RECORDS:
-*-

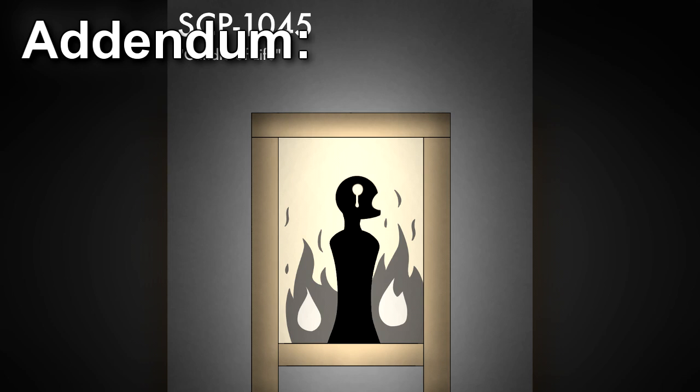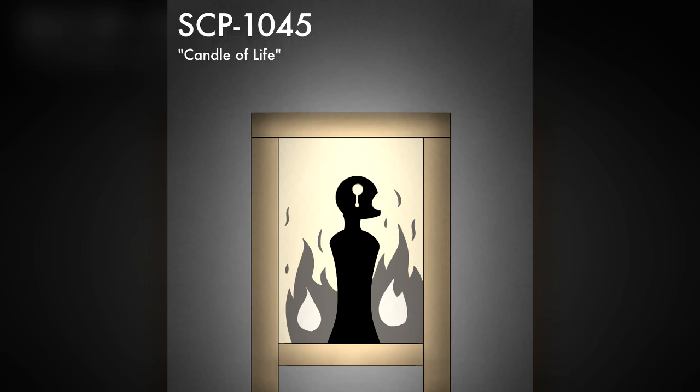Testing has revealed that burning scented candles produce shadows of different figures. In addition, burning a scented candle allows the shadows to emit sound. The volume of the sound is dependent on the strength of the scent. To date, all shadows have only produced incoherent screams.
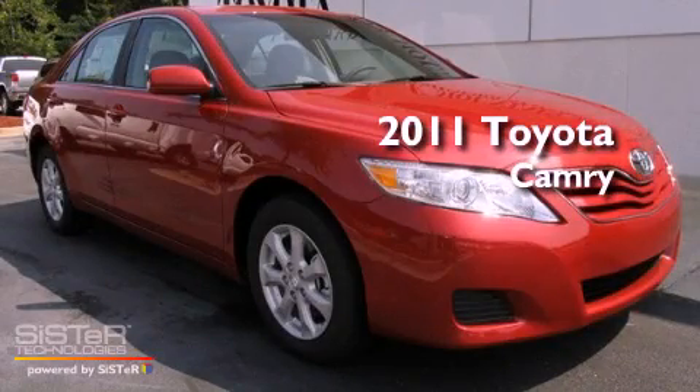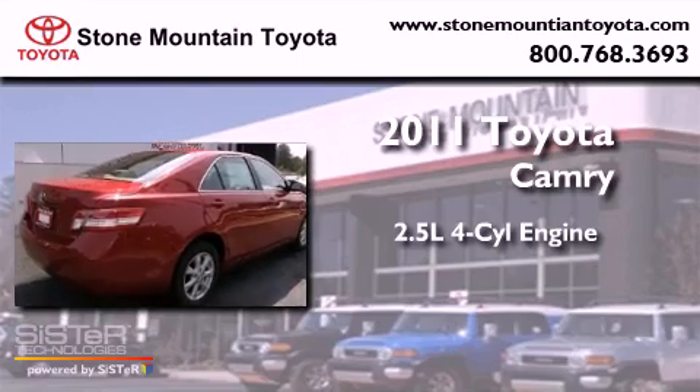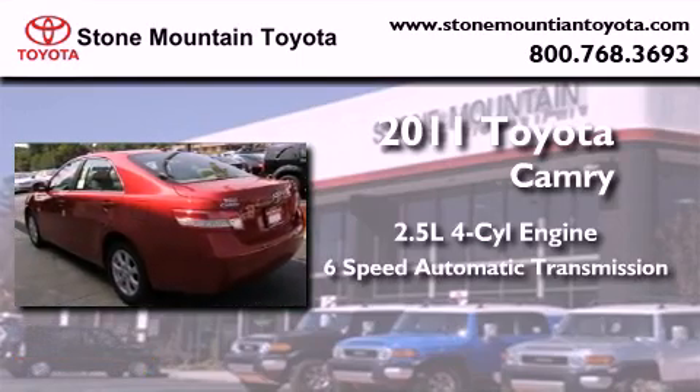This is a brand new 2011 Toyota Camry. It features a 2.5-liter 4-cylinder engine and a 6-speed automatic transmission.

-*-

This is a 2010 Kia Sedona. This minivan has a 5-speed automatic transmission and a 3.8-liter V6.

-*-

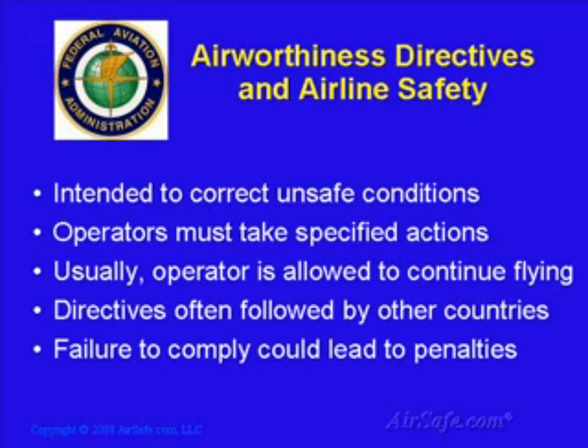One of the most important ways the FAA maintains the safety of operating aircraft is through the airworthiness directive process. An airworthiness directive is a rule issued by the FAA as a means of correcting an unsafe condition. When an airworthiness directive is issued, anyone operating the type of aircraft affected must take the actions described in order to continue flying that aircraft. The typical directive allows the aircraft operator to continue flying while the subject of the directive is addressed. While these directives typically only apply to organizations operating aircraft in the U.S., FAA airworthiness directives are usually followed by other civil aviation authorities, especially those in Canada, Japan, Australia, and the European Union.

-*-

Set down again, word for word, every line from the one with "Testing has revealed" to the one with "This is a brand" in the entries above, and omit the pictures.

Testing has revealed that burning scented candles produce shadows of different figures. In addition, burning a scented candle allows the shadows to emit sound. The volume of the sound is dependent on the strength of the scent. To date, all shadows have only produced incoherent screams.
This is a brand new 2011 Toyota Camry. It features a 2.5-liter 4-cylinder engine and a 6-speed automatic transmission.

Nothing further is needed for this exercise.